The Guardian had a whole timeline for the events after the bid, including Google’s “escape route” for Yahoo!:
Yahoo (sic) would outsource advertising and search to the rival firm, boosting revenues but retaining its independence. The next day, Google sees its share price drop below $500 for the first time in six months as investors grow concerned about the economic climate and the impact of a possible Microsoft/Yahoo deal.
Yahoo! rejected the bid, News Corp offered $15bn in exchange for 20% of the company but eventually backed away, Yahoo! debated the Microsoft offer, spoke to AOL, faced lawsuits from shareholders over the MS bid rejection, claimed the MS offer was insufficient to which they gave Yahoo! an ultimatum and Yahoo! reiterated their claim. Then it got really weird.

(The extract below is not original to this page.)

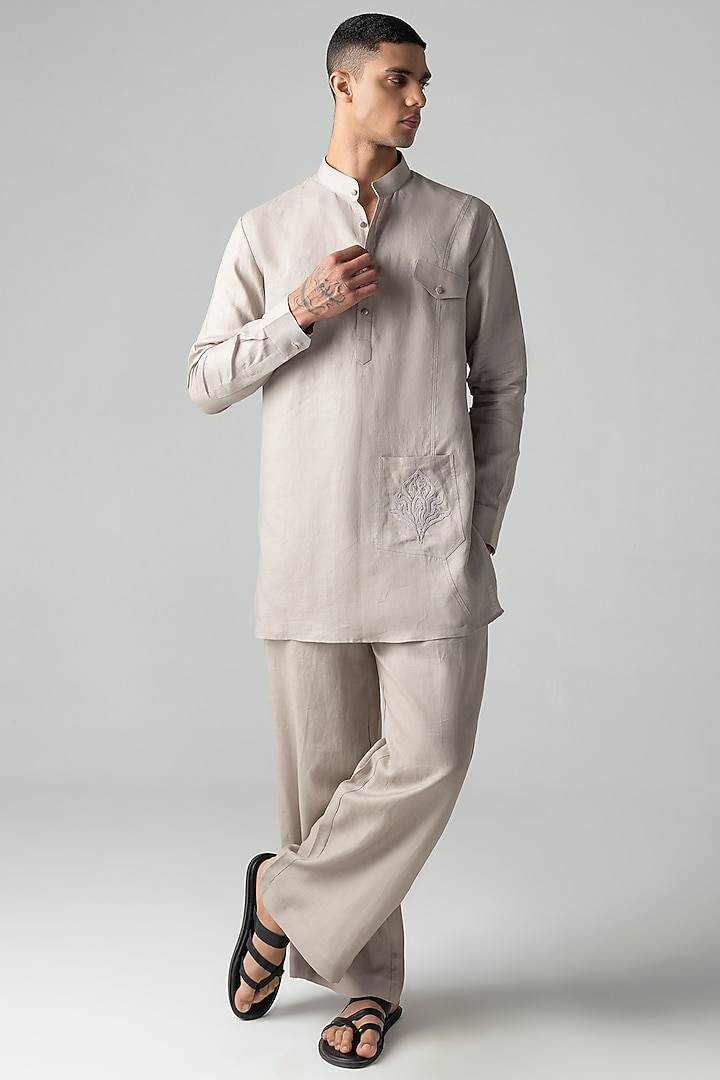 Beige Linen Co-Ord Set by AMIT ARORA at Pernia's Pop Up Shop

Yahoo! discussed a partnership with Google and AOL while MS spoke to News Corp and eventually MS pulled out of the takeover deal. The shareholders continued their lawsuits but do you know what the kicker was? Yahoo! had planned to reject MS’s bid all along:
During a legal action against the Yahoo board for its alleged failure to act in shareholders’ interest, documents reveal that Yahoo’s management drew up plans to reject a Microsoft takeover three months before the $45bn offer was made.
In hindsight, the final outcome was best for both companies. Yahoo! wouldn’t have thrived under Microsoft (at least not as a separate entity) and Microsoft would have sold them on for much less than they paid. But imagine if it had been successful.